Syed Ali Tirmizi (سيد علي ترمذي), more commonly known as Pir Baba (پير بابا), was a Sufi Pir who settled in Buner in present-day Khyber Pakhtunkhwa, Pakistan.

He was a Hussaini Syed, probably born in 908 AH (1502 CE), in Fergana (present-day Uzbekistan), of Sayyid descent. He died in AH 991 (1583 CE). He and his disciple Akhun Darweza Baba had major differences with Pir Roshan regarding his 'Roshnai Movement'. Hazrat Pir Baba was a stalwart of the Chishti, Kabrawi, Sarwardi, and Qadri Sufi order, which emphasised strict adherence to the Sharia of Islam.

He and his disciple Akhun Darweza baba saw Pir Roshan's teachings as a deviation from the path of Prophet Muhammad SWS and the consensus of scholars.

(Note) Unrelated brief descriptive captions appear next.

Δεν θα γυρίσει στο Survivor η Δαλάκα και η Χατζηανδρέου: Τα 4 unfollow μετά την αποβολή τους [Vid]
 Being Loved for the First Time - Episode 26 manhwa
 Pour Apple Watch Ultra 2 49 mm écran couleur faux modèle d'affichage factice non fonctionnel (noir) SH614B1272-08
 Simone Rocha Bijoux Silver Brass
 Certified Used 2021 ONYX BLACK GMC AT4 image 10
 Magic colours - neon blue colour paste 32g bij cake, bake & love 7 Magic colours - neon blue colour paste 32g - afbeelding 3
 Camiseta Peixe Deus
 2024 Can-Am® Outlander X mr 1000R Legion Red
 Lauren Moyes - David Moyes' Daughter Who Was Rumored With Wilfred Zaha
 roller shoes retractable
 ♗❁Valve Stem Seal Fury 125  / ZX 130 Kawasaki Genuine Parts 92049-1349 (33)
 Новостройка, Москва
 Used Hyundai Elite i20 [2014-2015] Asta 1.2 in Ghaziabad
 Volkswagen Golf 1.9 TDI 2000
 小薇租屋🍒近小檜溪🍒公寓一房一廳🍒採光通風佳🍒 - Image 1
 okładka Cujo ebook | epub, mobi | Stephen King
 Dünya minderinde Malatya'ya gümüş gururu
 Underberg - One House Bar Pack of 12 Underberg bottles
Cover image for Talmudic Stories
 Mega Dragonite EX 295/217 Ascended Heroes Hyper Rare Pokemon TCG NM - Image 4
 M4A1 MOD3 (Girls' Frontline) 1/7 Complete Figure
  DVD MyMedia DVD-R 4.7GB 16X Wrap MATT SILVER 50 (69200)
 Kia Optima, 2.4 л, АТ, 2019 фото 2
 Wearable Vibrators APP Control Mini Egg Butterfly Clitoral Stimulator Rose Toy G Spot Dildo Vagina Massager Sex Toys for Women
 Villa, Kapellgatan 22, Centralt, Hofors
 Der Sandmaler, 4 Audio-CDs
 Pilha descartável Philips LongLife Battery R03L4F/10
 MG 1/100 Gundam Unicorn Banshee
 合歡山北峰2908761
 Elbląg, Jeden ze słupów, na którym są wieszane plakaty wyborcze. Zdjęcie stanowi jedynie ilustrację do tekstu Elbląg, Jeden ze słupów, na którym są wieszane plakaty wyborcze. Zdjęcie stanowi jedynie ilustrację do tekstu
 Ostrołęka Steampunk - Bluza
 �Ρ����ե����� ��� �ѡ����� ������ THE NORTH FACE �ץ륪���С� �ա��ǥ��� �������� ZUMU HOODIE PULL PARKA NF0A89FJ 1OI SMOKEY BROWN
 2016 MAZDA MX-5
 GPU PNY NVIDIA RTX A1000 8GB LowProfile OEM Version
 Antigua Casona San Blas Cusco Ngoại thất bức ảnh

Moreover, they were aligned with the existing social and tribal hierarchy. Hazrat Pir Baba and Akhun Darweza baba had theological differences with Pir Roshan's teachings. They saw his teachings a dangerous innovation in the religion (bid'ah). The Mughal fought him because he challenged their rule.

==Shrine (Mazar)==
Baba's grave and shrine is in Pacha Killay village in the mountainous Buner District of present-day Khyber Pakhtunkhwa.

In 2009, the Sufi shrine of Pir Baba was closed down by Taliban temporarily.